Mental Health Financing There are budget allocations for mental health. Details about expenditure on mental health are not available. The primary sources of mental health financing in descending order are tax based, out of pocket expenditure by the patient or family, private insurances and grants. The country has disability benefits for persons with mental disorders. Pension and transfer are allowed on the basis of psychiatric certification.

Mental Health Facilities Mental health is a part of primary health care system. Actual treatment of severe mental disorders is available at the primary level. Mental health has become part of primary health care in 42 units spread throughout the country. The number is gradually increasing as trained professionals are assigned to new sites every year. Thus, actual treatment of severe mental disorders at the primary level is steadily expanding. Regular training of primary care professionals is carried out in the field of mental health. In the last two years, about 277 personnel were provided training. In the last two years, about 45 personnel were provided basic training, 160 primary mental health professionals participated in yearly refresher seminars and 72 on-the-job training programmes were conducted for those working at the different units in the country. There are no community care facilities for patients with mental disorders.

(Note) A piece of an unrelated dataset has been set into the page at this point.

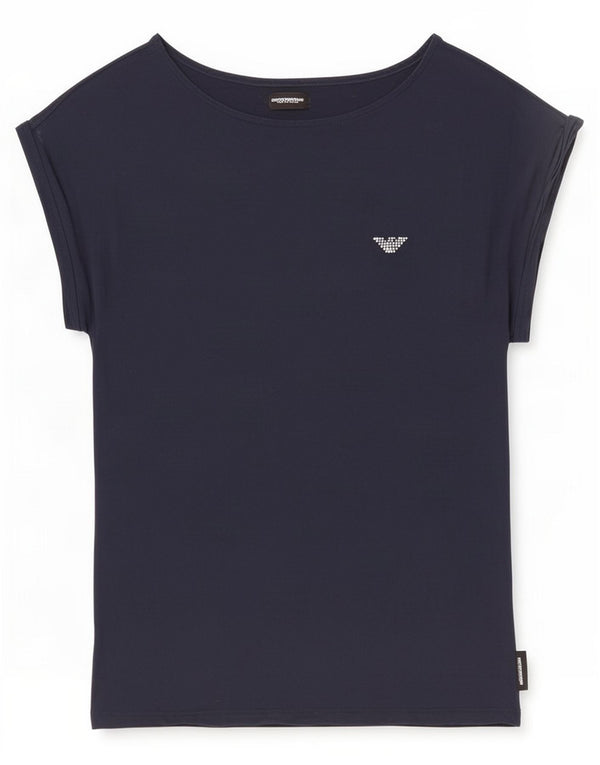 Emporio Armani Dame T-Shirt Top UK 14 Large Navy Blue Viscose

Psychiatric Beds and Professionals

  • Total psychiatric beds per 10 000 population
  • Psychiatric beds in mental hospitals per 10 000 population
  • Psychiatric beds in general hospitals per 10 000 population
  • Psychiatric beds in other settings per 10 000 population
  • Number of psychiatrists per 100 000 population
  • Number of neurosurgeons per 100 000 population
  • Number of psychiatric nurses per 100 000 population
  • Number of neurologists per 100 000 population
  • Number of psychologists per 100 000 population
  • Number of social workers per 100 000 population
  • 0.07
  • 0.06
  • 0.01
  • 0
  • 0.02
  • 0.003
  • 0.3
  • 0.006
  • 0.08
  • 0.08

There are different medical assistants for other fields, around 10 000, but not for psychiatry. There are 36 regional and district mental health units besides the mental hospital in Addis Ababa. These hospitals are each staffed by at least 2 psychiatric nurses who are supervised by psychiatrists periodically. A system of referral and back-referral has been established. In some regional hospitals the psychiatric nurses admit and provide inpatient service to their cases in the medical wards when it is necessary. A postgraduate programme in psychiatry was started in Addis Ababa University with an initial intake of 7 residents in 2003.

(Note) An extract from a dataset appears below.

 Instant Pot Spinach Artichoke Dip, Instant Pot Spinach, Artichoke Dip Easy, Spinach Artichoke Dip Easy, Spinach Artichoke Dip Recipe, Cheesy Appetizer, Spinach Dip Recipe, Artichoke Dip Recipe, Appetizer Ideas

Non-Governmental Organizations NGOs are not involved with mental health in the country. One indigenous NGO named

‘Mental Health Society of Ethiopia’ was established in 2004. The association is currently working on building up its membership but is already involved in supporting the only rehabilitation centre for mental health near Addis Ababa.

Information Gathering System There is mental health reporting system in the country. Hospitals send annual report to the Ministry of Health. The country has data collection system or epidemiological study on mental health. The training and research division of the Amanvel

Mental hospital has been established recently for this purpose.

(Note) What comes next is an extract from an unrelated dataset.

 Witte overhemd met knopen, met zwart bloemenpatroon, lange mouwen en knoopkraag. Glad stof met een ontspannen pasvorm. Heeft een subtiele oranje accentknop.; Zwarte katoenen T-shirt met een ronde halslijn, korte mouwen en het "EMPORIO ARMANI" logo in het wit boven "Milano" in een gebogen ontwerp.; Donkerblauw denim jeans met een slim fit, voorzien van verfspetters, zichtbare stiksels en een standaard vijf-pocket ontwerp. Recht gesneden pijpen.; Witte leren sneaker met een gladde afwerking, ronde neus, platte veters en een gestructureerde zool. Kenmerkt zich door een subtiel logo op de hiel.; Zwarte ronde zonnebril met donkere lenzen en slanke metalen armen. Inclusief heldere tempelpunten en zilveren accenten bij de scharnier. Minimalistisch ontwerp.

Programmes for Special Population There are no programmes for special population. Psychiatric services have been introduced to some police and army hospitals, one prison clinic, and some university and school clinics. Two substance abuse treatment units were opened in the capital city in 2004.

Therapeutic Drugs The following therapeutic drugs are generally available at the primary health care level of the country: carbamazepine, ethosuximide, phenobarbital, phenytoin sodium, sodium valproate, amitriptyline, chlorpromazine, diazepam, fluphenazine, haloperidol, lithium, carbidopa, levodopa. The essential list of drugs was revised recently. Some other medicines like cloimipramine and fluoxetine are also a part of the list. All drugs in the essential list are available in major cities of the country but not in all areas at the primary health care level.

Other Information Traditional healers play a major role in the treatment of mental health; in one study (Alem et al 1999) it was found that 85% of emotionally disturbed people sought help from traditional healers.